Anyone from the AC to the CHR in town would play holiday songs sprinkled amidst the usual format. You can still find some of that, with stations what drop in the occasional holiday tune, while someone (and maybe more than one someone) is doing the all-holiday thing.

For stations that did some variation of the 24 or 36 hours of non-stop Christmas music, that stood out a bit more because it may have been the only time they were all-Christmas.

But this is long-covered ground. The sales more than justify the way things are now.
A lot of them do no commercials during this time and were already all-Christmas since early-Mid November for many years now.
 
It’s not strange; it’s business. Obviously the magnitude of the impact can vary across markets and across years, but there is an indisputable positive impact for most stations that claimed the mantle (or share it among several as the case may be).
 
A lot of them do no commercials during this time and were already all-Christmas since early-Mid November for many years now.
We already covered it is generally since sometime in November.
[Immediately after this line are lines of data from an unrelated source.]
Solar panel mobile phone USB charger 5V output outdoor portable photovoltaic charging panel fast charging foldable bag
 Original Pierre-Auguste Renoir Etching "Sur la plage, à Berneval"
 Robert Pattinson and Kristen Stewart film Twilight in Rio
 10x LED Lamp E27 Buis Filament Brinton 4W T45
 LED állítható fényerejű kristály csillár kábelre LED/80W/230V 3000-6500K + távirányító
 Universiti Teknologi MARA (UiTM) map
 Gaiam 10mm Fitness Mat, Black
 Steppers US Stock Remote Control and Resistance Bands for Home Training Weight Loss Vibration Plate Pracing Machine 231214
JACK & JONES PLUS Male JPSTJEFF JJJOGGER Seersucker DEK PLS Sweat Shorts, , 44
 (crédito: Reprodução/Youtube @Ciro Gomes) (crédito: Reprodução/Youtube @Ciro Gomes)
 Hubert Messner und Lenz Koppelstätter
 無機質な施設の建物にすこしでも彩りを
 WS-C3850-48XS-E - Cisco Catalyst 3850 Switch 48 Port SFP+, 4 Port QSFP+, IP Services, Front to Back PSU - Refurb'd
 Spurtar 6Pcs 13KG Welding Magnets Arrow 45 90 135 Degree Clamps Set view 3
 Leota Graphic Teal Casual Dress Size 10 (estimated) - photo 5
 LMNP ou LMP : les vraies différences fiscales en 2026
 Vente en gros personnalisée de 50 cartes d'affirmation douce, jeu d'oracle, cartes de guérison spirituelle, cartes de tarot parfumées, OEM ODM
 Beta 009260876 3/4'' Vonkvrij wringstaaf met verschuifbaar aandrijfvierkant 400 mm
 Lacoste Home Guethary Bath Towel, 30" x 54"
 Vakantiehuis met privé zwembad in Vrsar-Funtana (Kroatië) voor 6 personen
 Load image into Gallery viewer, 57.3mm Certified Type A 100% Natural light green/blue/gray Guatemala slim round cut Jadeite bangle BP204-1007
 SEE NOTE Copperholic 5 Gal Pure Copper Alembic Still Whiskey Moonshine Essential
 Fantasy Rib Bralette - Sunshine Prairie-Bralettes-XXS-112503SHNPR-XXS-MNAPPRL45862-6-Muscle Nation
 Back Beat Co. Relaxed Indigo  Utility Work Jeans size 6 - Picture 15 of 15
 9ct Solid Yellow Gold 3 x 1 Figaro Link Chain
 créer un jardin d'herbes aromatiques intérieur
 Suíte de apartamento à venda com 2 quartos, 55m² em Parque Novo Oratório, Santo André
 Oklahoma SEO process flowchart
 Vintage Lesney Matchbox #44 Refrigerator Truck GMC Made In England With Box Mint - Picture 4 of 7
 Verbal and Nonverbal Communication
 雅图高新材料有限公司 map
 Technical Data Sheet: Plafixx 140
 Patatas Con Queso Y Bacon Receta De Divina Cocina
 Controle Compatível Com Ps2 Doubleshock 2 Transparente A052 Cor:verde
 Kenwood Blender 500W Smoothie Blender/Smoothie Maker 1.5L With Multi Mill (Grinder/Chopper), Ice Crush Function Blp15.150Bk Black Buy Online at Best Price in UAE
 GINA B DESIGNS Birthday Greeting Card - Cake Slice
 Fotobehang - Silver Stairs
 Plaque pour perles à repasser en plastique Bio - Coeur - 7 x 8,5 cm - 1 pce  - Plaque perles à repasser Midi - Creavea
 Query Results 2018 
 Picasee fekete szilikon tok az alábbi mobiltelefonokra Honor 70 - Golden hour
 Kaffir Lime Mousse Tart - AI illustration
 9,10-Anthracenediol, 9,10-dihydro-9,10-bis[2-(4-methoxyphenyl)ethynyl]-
The no commercial thing for 24 or 36 or however many hours for a number of stations marks the only appreciable difference, other than not having anyone on air depending on the exact scenario. The point is it’s the same music that’s been playing around the clock already.
 
We already covered it is generally since sometime in November. The no commercial thing for 24 or 36 or however many hours for a number of stations marks the only appreciable difference, other than not having anyone on air depending on the exact scenario. The point is it’s the same music that’s been playing around the clock already.
Yep. Same exact songs though not always in the same order.
 
It’s not strange; it’s business. Obviously the magnitude of the impact can vary across markets and across years, but there is an indisputable positive impact for most stations that claimed the mantle (or share it among several as the case may be).
I mean it is unusual how fast the trend took off, if in the 90s and before, Christmas tunes were mostly just sprinkled it, whereas all Christmas began in November by the end of the aughts.
 
Yep eventually you get even more stations that started flipping in later years like Charlie FM in Portland the Lake in Charolette and Star 102.1 in Dallas.
 
I mean it is unusual how fast the trend took off, if in the 90s and before, Christmas tunes were mostly just sprinkled it, whereas all Christmas began in November by the end of the aughts.
Nothing breeds imitation faster than success. By no means is that exclusive to radio of course. Who wouldn’t want to pad the bottom line if you’re running a compatibly formatted station?